Secoués durant 7 à 8 heures sur les dos d’ânes et autres surprises de la route bitumée, les visiteurs sont abordés, à chaque arrêt dans les villages, par des hordes de petits vendeurs ambulants qui proposent fruits, boissons et friandises. Pendant la halte, au pied d’un baobab, le voyageur peut tout goûter, du sucré au salé, peut être goûté: les jujubes, petits fruits secs au goût de prune, le manioc, racine à la texture particulière, et autres exaltations des papilles.
A chaque contrôle, les salutations et causeries sont au moins aussi utiles, pour amadouer les policiers, que la présentation de papiers en règle.
Le paysage, qui peut sembler monotone, recèle de surprenantes découvertes : des termitières géantes, molosses de terre, se dressent tout à coté des habitations et dans le désert. Plus loin, au détour d’un virage, des centaines de calebasses évidées se dorent au soleil. Regroupées en cercle, telles d’énormes citrouilles, les coques évidées et ainsi séchées deviendront des récipients très pratiques.

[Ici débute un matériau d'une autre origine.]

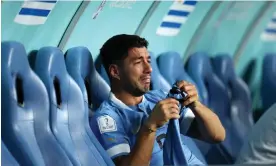  ?? Photograph: Maja Hitij/Fifa/Getty Images ?? Luis Suarez is in tears on the bench as Uruguay are eliminated from the World Cup.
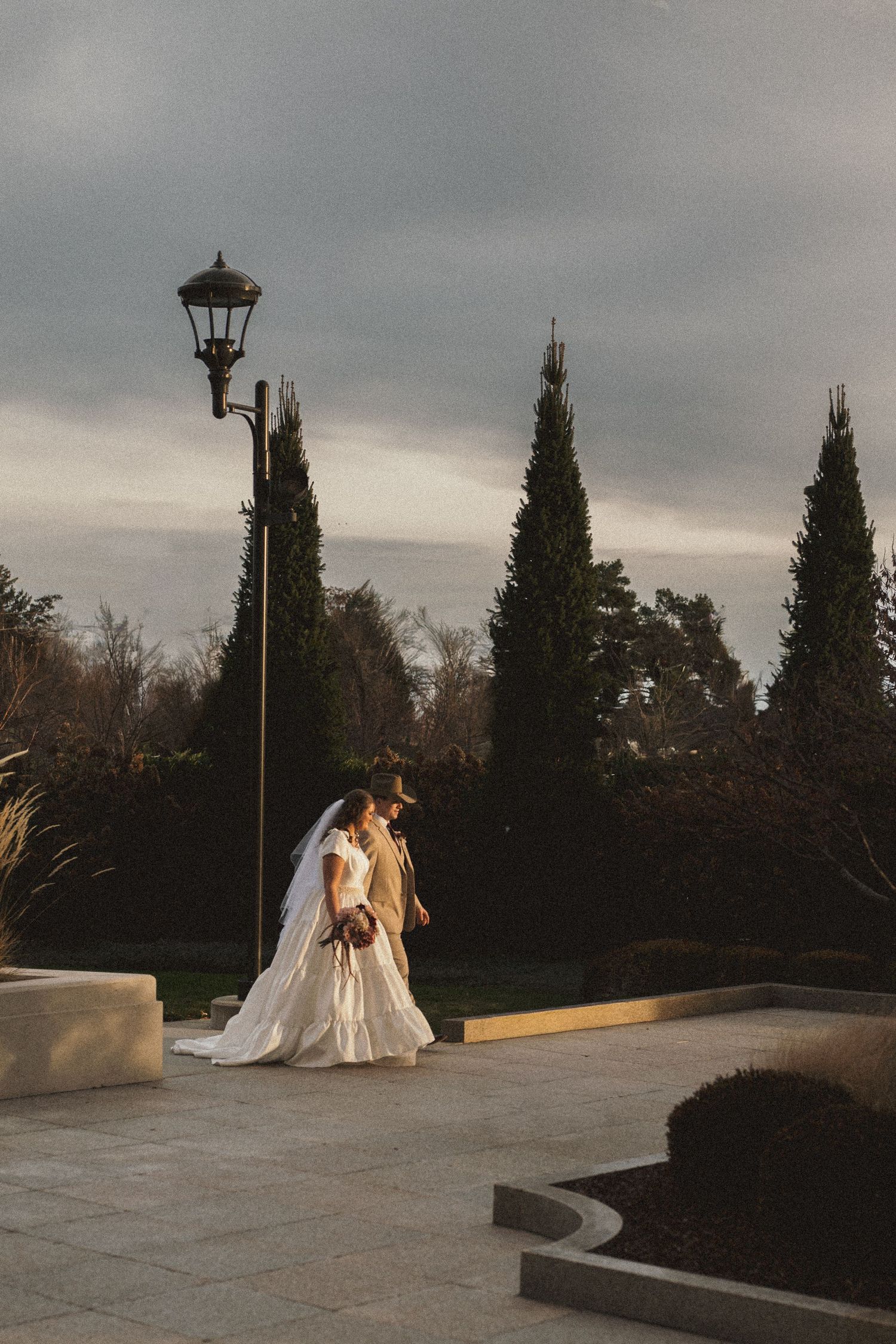 A newly married walking outside the LDS Meridian Idaho Temple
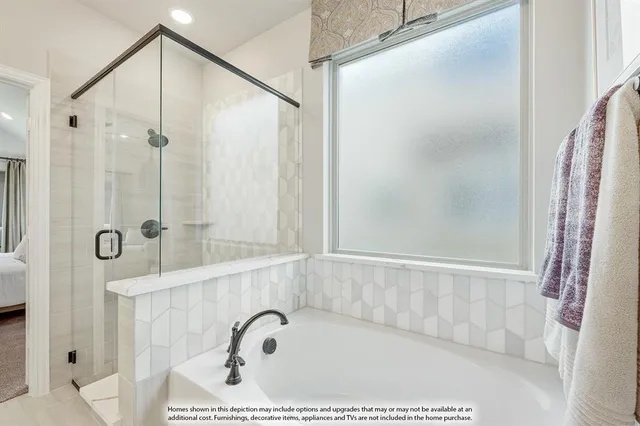 a bathroom with a bathtub and a shower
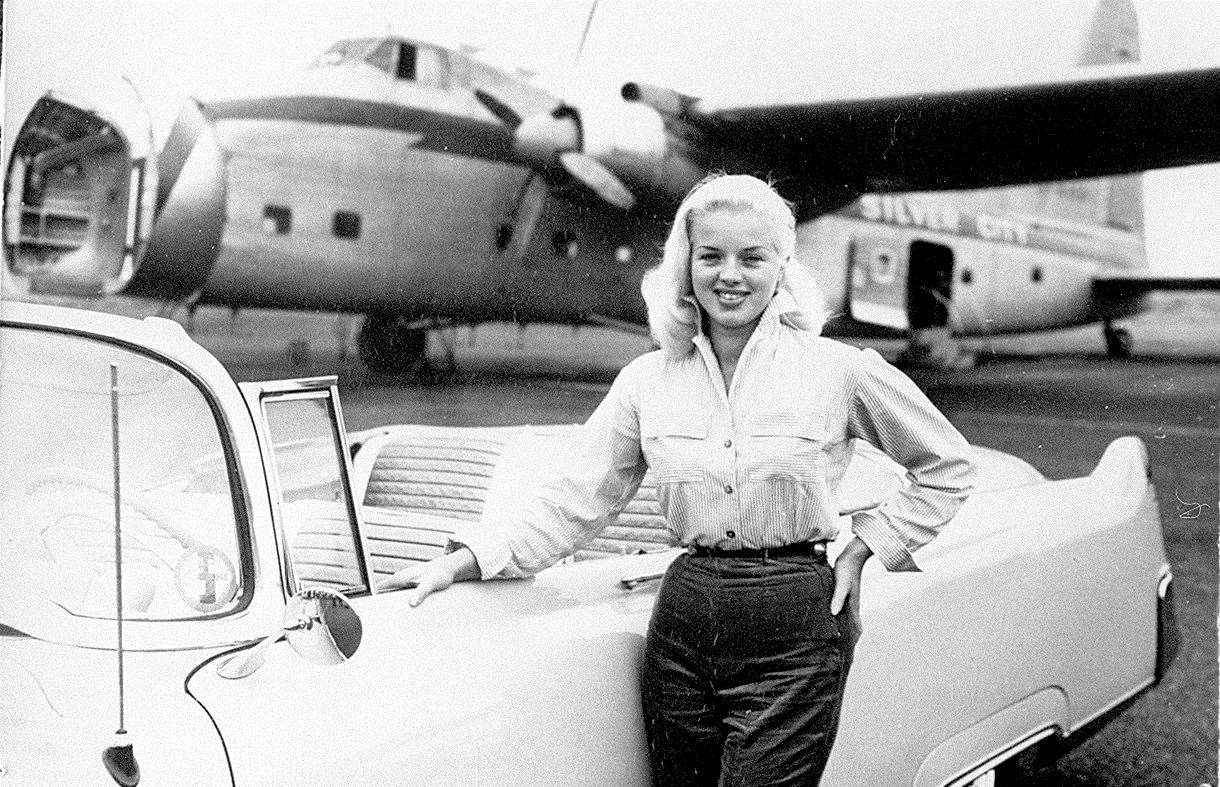 Diana Dors - pin-up movie queen - at the airport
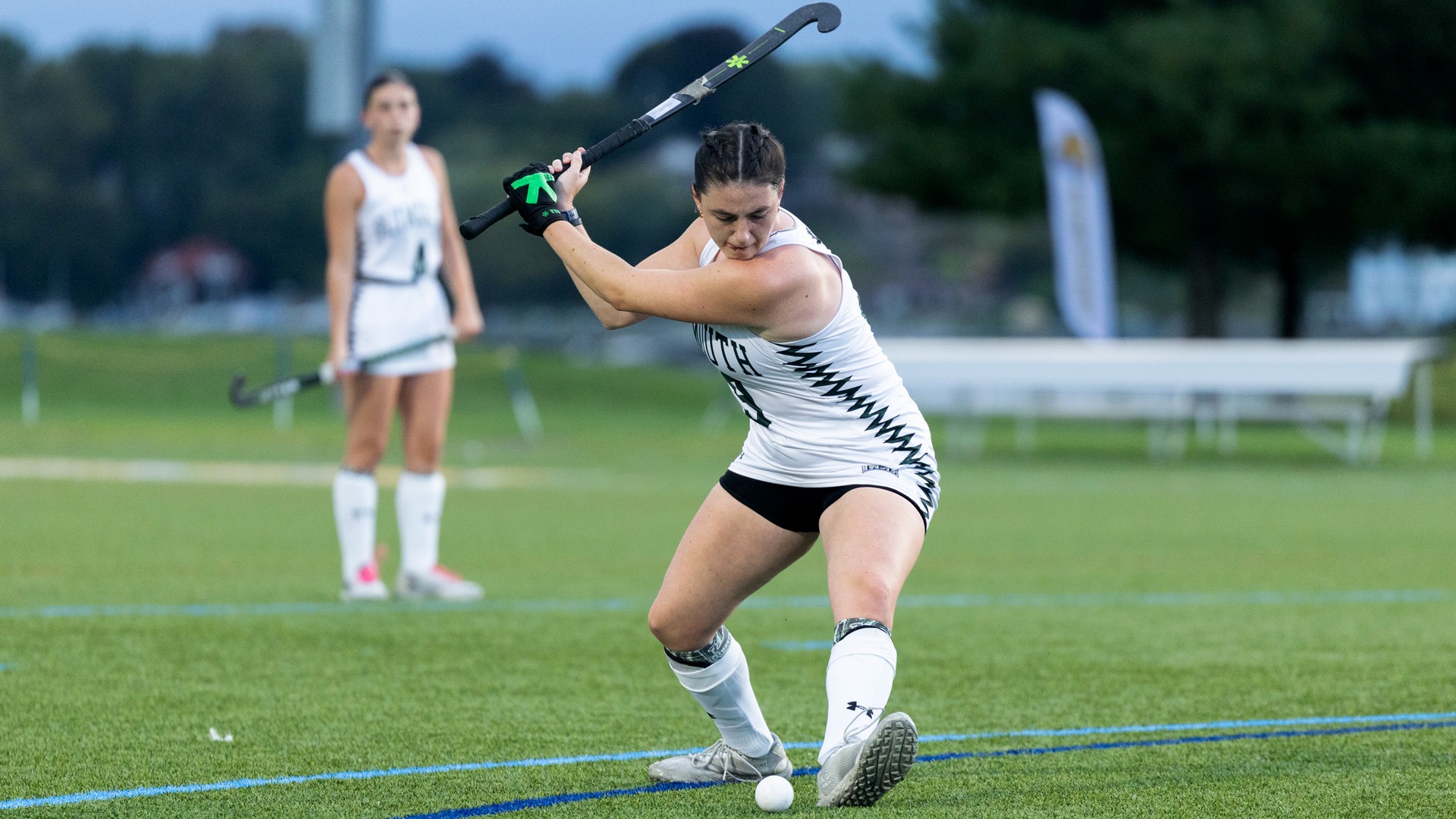 Sarah Adamske prepares to drive a ball at Johnson & Wales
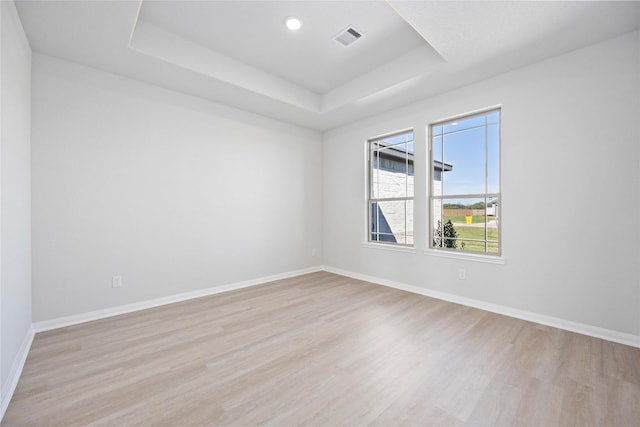 empty room with a tray ceiling and light hardwood / wood-style flooring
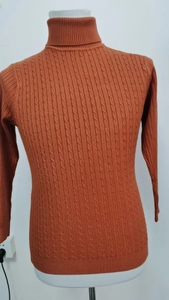 Dettaglio del maglione a collo alto arancione con trama in maglia a trecce complessa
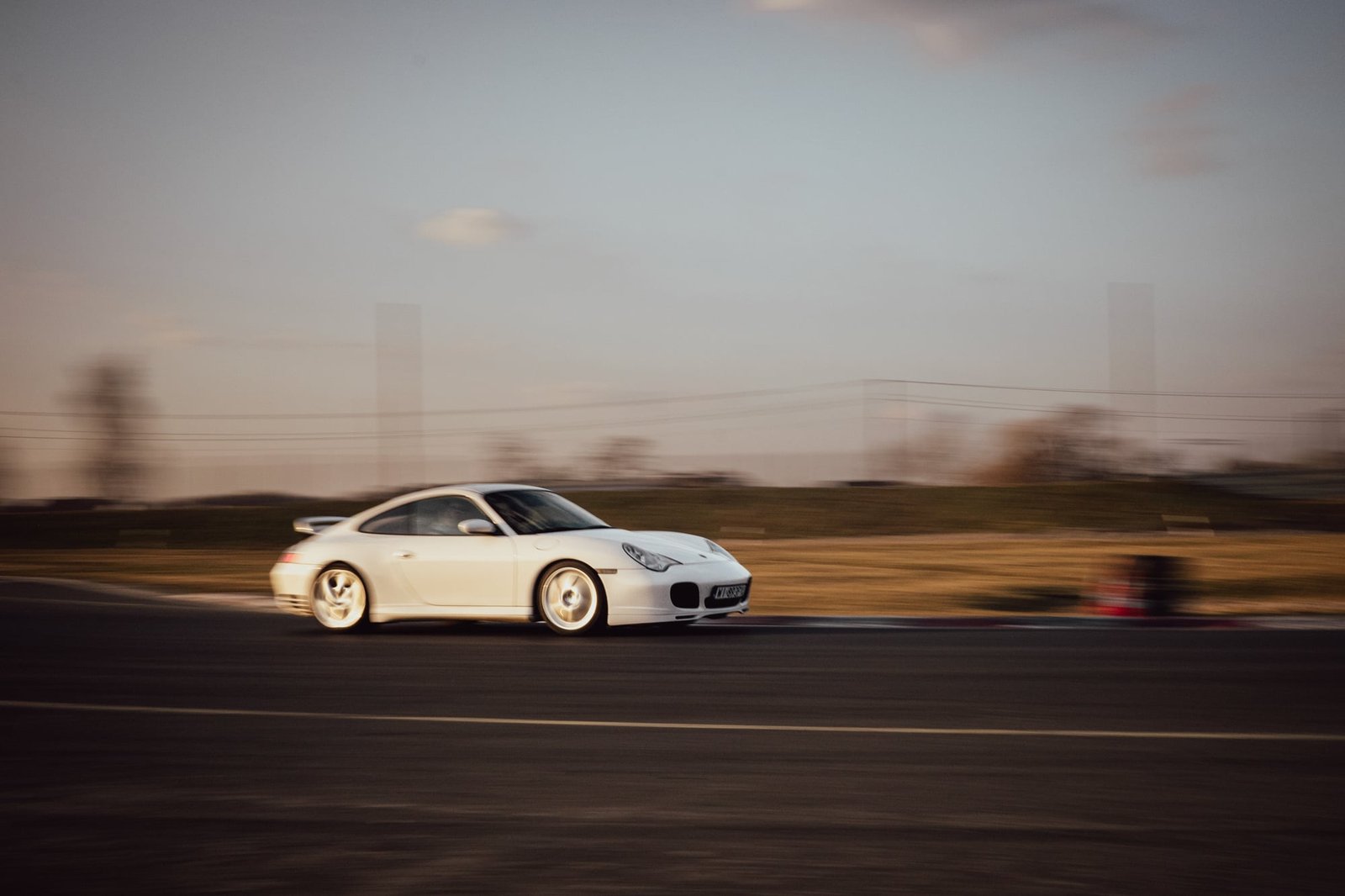 White Porsche 996.2 side profile rolling shot on open track at golden hour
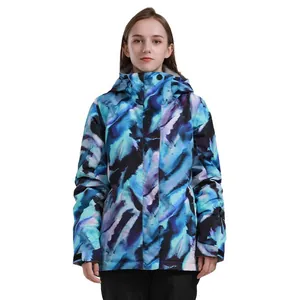 Waterdichte geïsoleerde dames ski-jas met een levendig blauw en paars marmerpatroon en kap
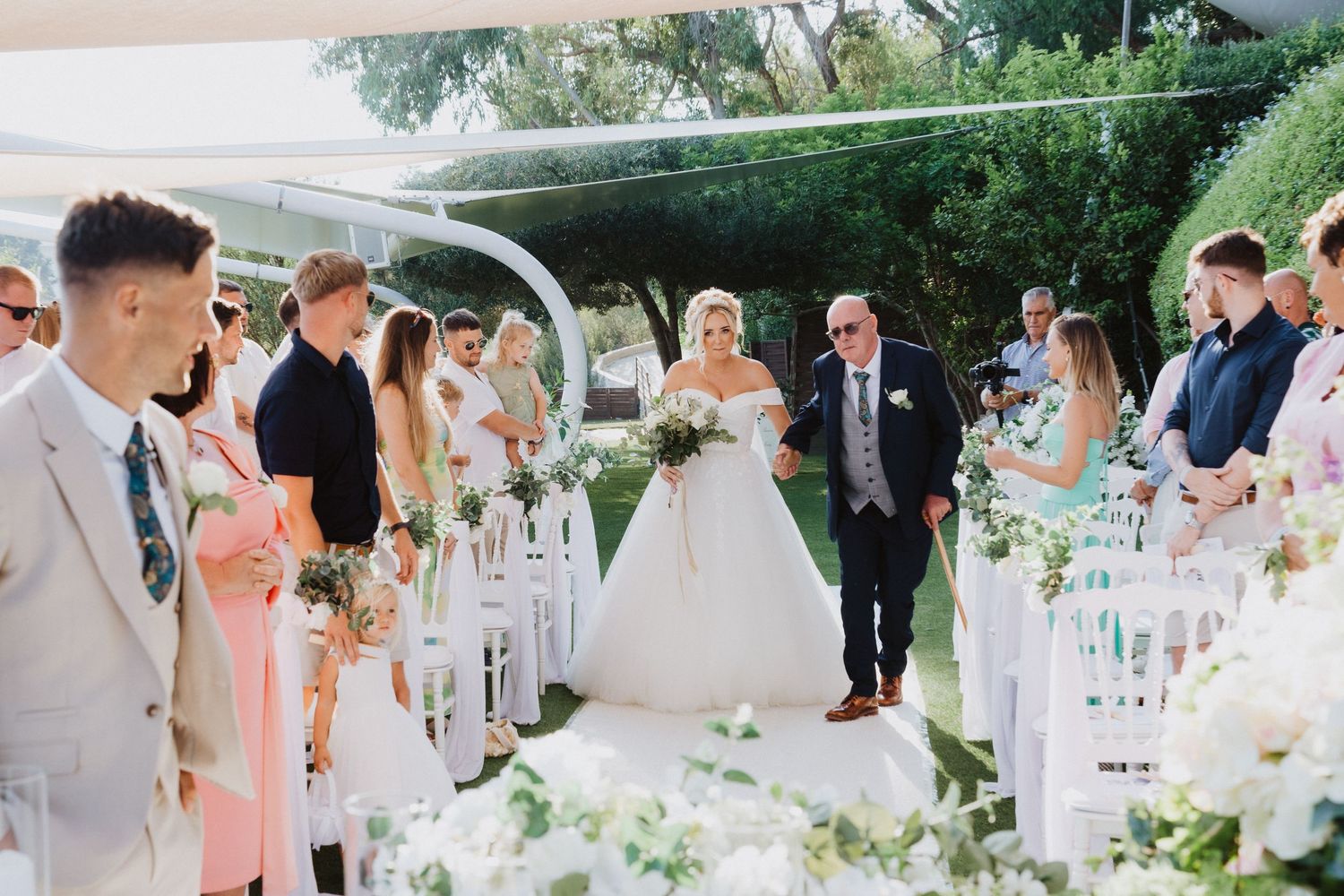 A wedding ceremony outdoors with elegant white floral decorations and guests seated in white chairs.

Après un long trajet, le ravitaillement se fait le plus souvent à Ségou. Un grand thé et un repas sur le pouce, le voyage peut reprendre. Les enfants courent inlassablement après les voitures qui repartent sur la longue route déserte. Mopti se rapproche enfin : après avoir longé de vastes « brûlis », champs brûlés pour être fertilisés, le véhicule fait enfin son entrée dans la cité. Le soleil se couche alors sur les rues de la grande ville qui s’endort au bord du Niger.